Llorando frente al Santuario Ana abre su corazón a Dios. No lo busca para encontrar plena libertad, aunque es probable que no lo entendiera así. Tampoco busca sabiduría para entender qué condicionamientos y patrones culturales la hacen tan desdichada. Le ruega a Dios por aquello que acabaría con su vergüenza, por una «solución» que le permitiera vivir «dignamente» aunque se trata de una concepción que la oprime: «Señor de los Ejércitos, concédeme tener un hijo, y te lo entregaré para tu servicio en este Santuario para siempre». Tener un hijo y no criarlo, entregarlo, pero ser madre, pero decir que se es madre.

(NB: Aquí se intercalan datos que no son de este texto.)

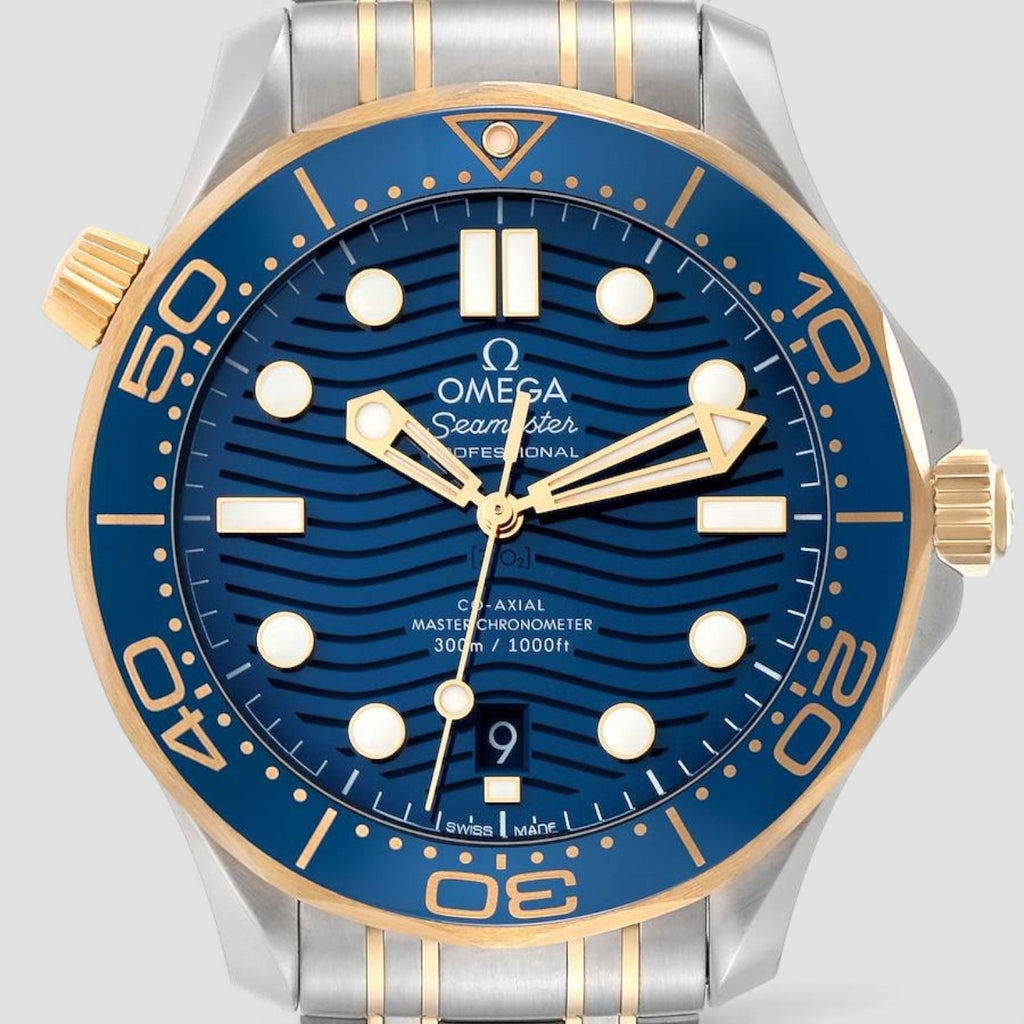 Omega 210.20.42.20.03.001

Penina observa el embarazo de Ana con desdén. Se siente, ahora más que nunca, sin ningún recurso para competir con la joven esposa. Elcaná contento con el embarazo parece estarlo porque ahora Ana se sentirá mejor, y con ello, acepta el pedido de Ana de entregar al bebé al Santuario una vez que haya sido destetado. Pasado el tiempo, una vez más en el Santuario de Siló, aunque con dolor en el corazón Ana ofrece a su pequeño quien, en realidad, ya tenía su vida separada de la madre cuando ella asumió la vergüenza asignada y optó por ser competente en el sistema patriarcal que la somete. Penina abraza a sus hijos mientras atestigua la entrega. Quizá hasta siente parte de la responsabilidad en la toma de tal decisión. Si bien es cierto sus labios no pronuncian palabra alguna, su postura corporal grita furiosamente que sus hijos son su amor, que Elcaná no vale más que ninguno de ellos. Que no hay dios al que se los ofrezca de esta manera.

Camino a casa desde Siló el silencio es profundo. Las burlas han cesado. No porque Ana concibiera finalmente un hijo, sino porque Penina comienza a advertir que todo esto está mal.